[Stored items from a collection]
:::

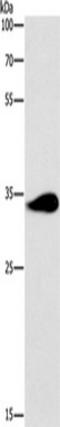 TNFAIP3 Interacting Protein 3 antibody, TA350727, Origene, Western Blot image 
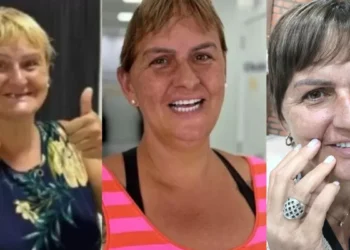 Renovada! Após conquistar novo sorriso, Mery recebe tratamento de beleza e se transforma em outra mulher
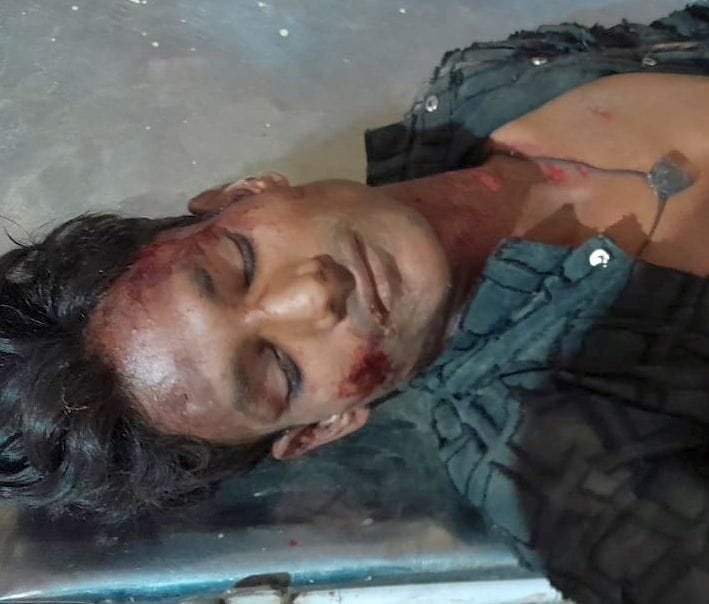 सहसवान कछला मार्ग पर बाइकों भिडंत में घायल युवक। संवाद सहसवान कछला मार्ग पर बाइकों भिडंत में घायल युवक। संवाद
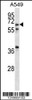 Western blot analysis in A549 cell line lysates (35ug/lane) .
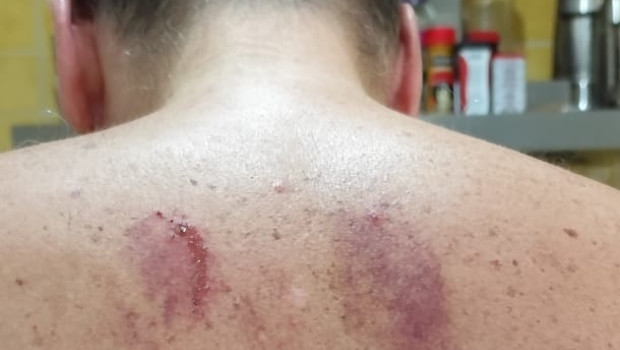 Francisco sufrió varios golpes y magulladuras como consecuencia del impacto, pero las heridas que más duelen son otras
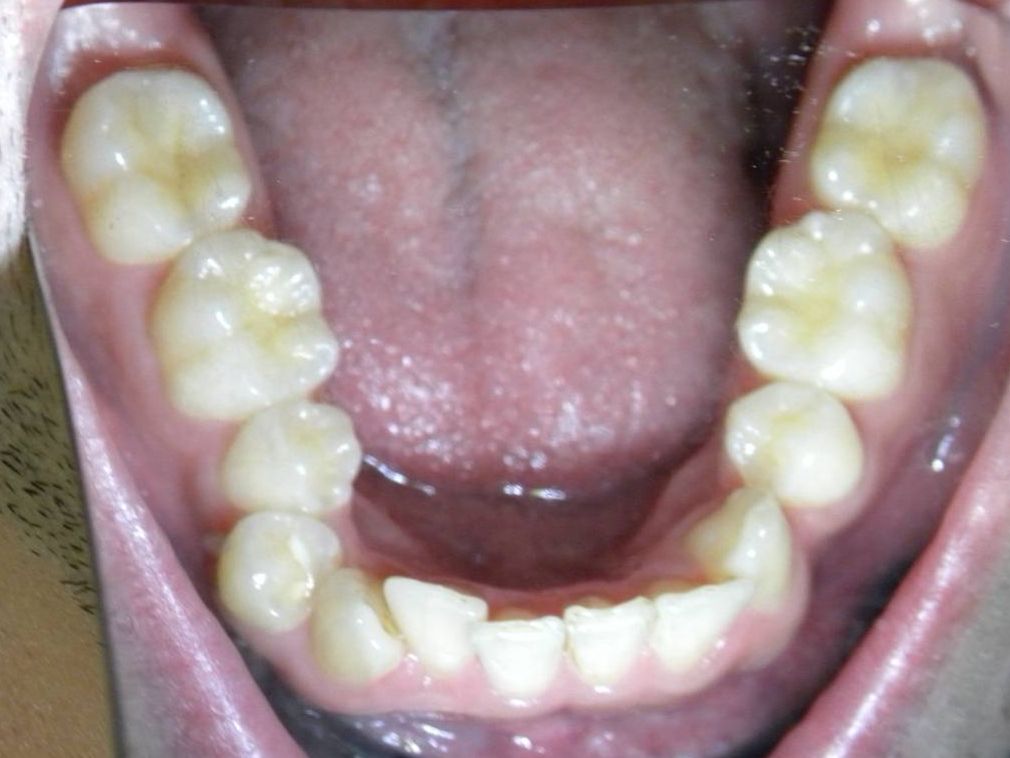 Oclusal Inferior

:::

**Work item:** Your copy should hold only the lines from the line with "सहसवान कछला मार्ग पर बाइकों भिडंत में घायल युवक। संवाद सहसवान" through the end of the data above, both ends included, transcribed exactly and without pictures.

**Written solution:**
 सहसवान कछला मार्ग पर बाइकों भिडंत में घायल युवक। संवाद सहसवान कछला मार्ग पर बाइकों भिडंत में घायल युवक। संवाद
 Western blot analysis in A549 cell line lysates (35ug/lane) .
 Francisco sufrió varios golpes y magulladuras como consecuencia del impacto, pero las heridas que más duelen son otras
 Oclusal Inferior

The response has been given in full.